Grackle casualty: dismembered baby in the front ivy yesterday evening. A leg left. Some feathers. Other less recognizable body parts. But two more fledging today, one up in La Vieja's maple and doing fine, one down on the ground trying to figure it out. No real way to tell if the dead grackle was our grackle, or another one out of the nest. That first one somehow was ours, and the subsequent grackles belong to — who knows. We'll say s/he flew away, and that the dead one was another one. Oh, the religion of baby birds. Maybe one forgets that there's more than one way to lose a hatchling. Maybe one forgets that fledging has got easily to be the most dangerous time. Maybe one just doesn't ever really know.
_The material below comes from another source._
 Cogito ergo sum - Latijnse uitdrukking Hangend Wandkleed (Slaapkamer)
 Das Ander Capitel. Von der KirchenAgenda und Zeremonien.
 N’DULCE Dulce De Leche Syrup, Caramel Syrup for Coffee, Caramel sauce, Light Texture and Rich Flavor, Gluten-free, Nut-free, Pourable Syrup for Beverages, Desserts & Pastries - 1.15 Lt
Today was ridiculous. May is ridiculous. Upper 70s. Sun. Little breeze. Birds galore. Most things blooming. Three more trash cans of bindweed and henbit and what all else out of the back garden. Michael Pollan posits in his excellent book Second Nature that the gardener is priviledged to be free of a romantic view of nature: S/he knows that some things must be culled (Bindweed, yes. But grackles?) in order for other things to thrive. The very act of weeding, of selecting, places one even in a kind of adversarial relationship with nature. Pollan reminds us that this adversarial contest begins when we decide winter is too fierce, put a roof over our heads. Pick another synecdoche. Difficult sometimes to remind oneself that the pig is smarter than the dog. Difficult to see the grackle in the yard. Difficult period. Difficult.

And yet we often have to choose. We dug out the morning glories to put tomatoes in.